Friday, July 10, 2009

SpiderOak saves the day in unexpected way

Ok, I'll admit it - I'm a computer geek. After over 20 years in the industry, I still go gaga over the Next New Toy, regardless whether it's software or hardware. So, of course, I tas totally stoked last week when I finally broke down and purchased an offsite storage solution.

I'm sure everyone has an opinion on the best solution, but for my needs and my reasons, I bought SpiderOak. So far, it's been extremely easy to work with, across both Mac and Windows laptops and desktops. I found out that a single account supports all of my computers, as long as I don't exceed my storage allocation, and this has already come in very handy.

But, as I'm not affiliated with SpiderOak an any way, I'm not rambling to convince you to buy this product (although I'm guessing you'd greatly benefit from it).

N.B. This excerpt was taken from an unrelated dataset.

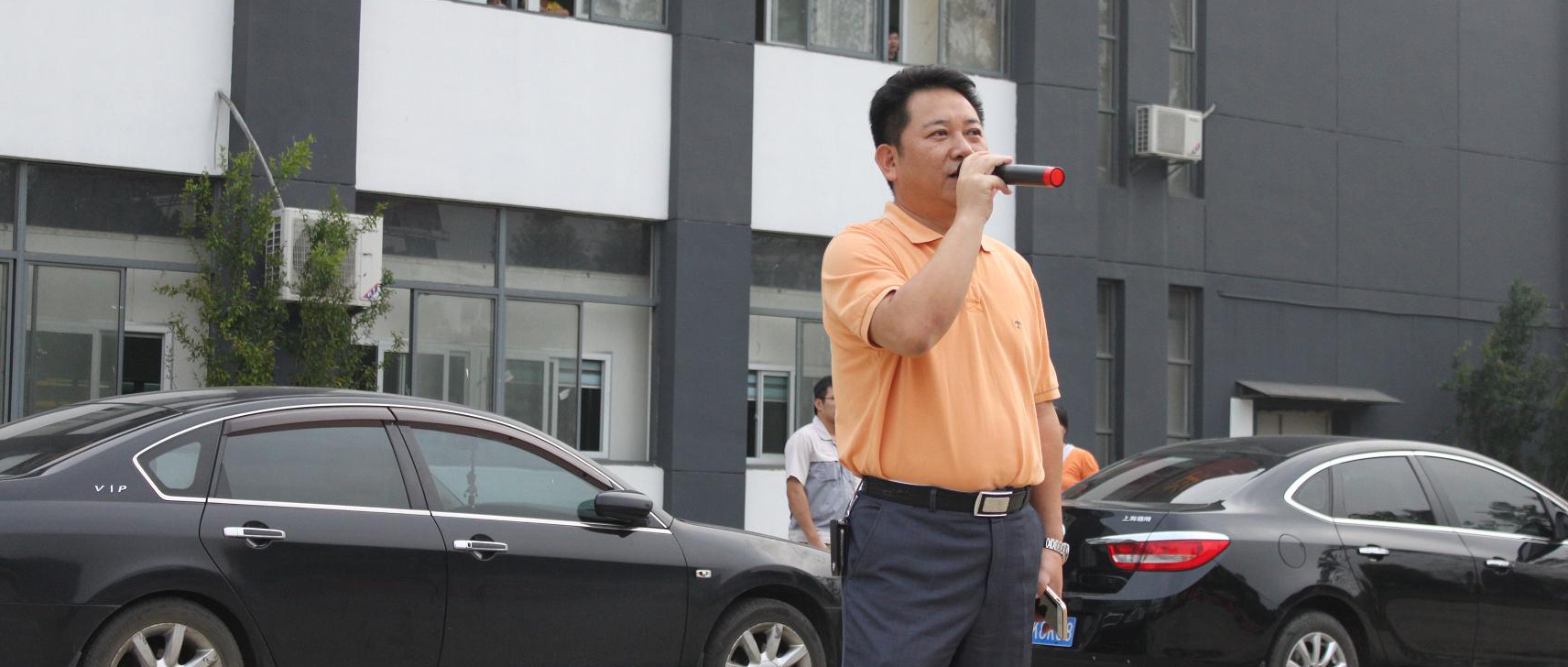 欧博abg - 官方网址登录入口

No, I'm here to pat myself on the back for finding an unintended use of this backup tool, one which helped considerably this morning.

I'm currently 200 miles from home, in a remote campsite (with a laptop and data card, of course). This morning, the family and I treked out to one of these underground caverns. I, being the family photog, had chewed through all but one memory card during our vacation. I believe a 4-leter word might have danced across my lips as I noticed that I hadn't yet formatted the data card. This is when doubt set in - had I copied these pictures to my Mac yet? Of course! Most probably! I doubt I didn't! Um, I did, didn't I???

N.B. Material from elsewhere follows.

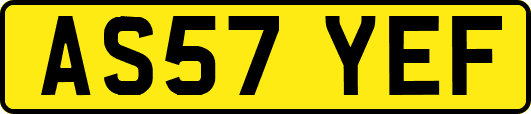 AS57YEF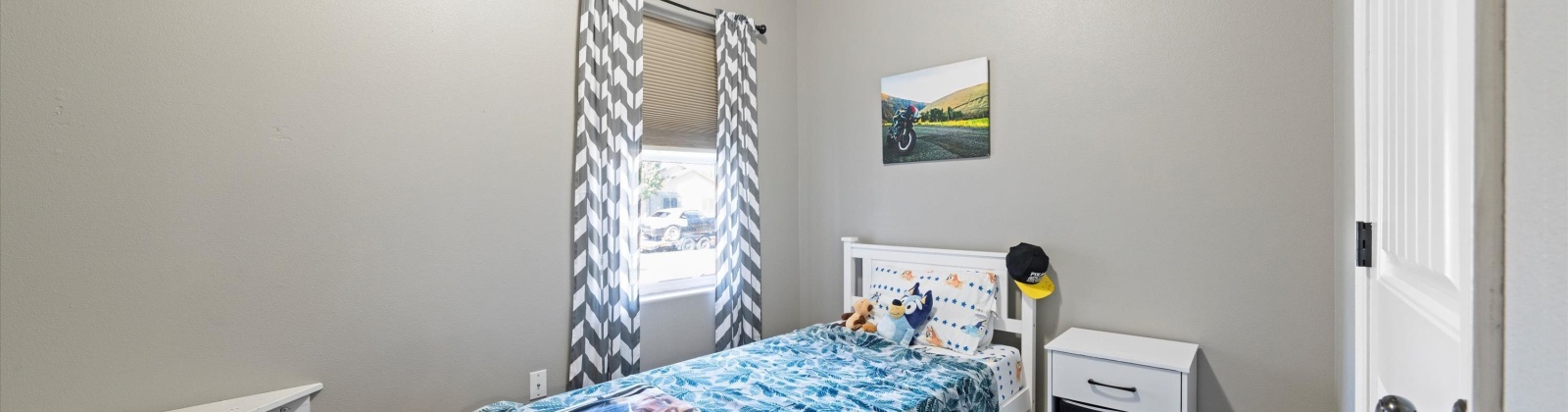 Harrison Pl, Kennewick, Washington 99336, 3 Bedrooms Bedrooms, 0 ,2 BathroomsBathrooms,Houses,For Sale,Harrison Pl,0,287650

It's not like I could call someone and have them go to my house and check. This would require 1) finding someone available, 2) giving that person my Mac password, and 3) walking someone through the steps of finding my files. This was not an enticing solution.

It was at that moment that I had my back-patting moment. I ran to the back of the car and fired up the laptop (yes, I dragged along, for fear of leaving it at the campsite). The family groaned in unison, but I convinced them to give me a few quick minutes to "check something," and to go find something fun in the gift shop (in the end, this suggestion cost me dearly, but that's another story).

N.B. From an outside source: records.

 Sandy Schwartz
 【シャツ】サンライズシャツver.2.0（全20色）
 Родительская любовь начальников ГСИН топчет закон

After an agonizing 3 minutes, Vista was up, the data card was connected, and I was surfed into spideroak.com. A quick login later, and I was staring at my offsite file tree. A few more clicks, and I was all smiles. There, sitting in front of me, was a big fat file listing with all of my photos from my very last data card. Quick shutdown, quick in-camara card format, and quick trip to the gift shop (I was too late to thwart cheesy-gift-shop purchases), and we were off to the caverns, camera locked-n-loaded.

So: Kudos to SpiderOak for an easy-to-use tool that works just as advertised, with a very speedy and easy-to-navigate web interface. And, thanks for providing the bonus feature of allowing me to simply check for the existence of a set of files to ensure that I wasn't permanently deleting the only copy of my data.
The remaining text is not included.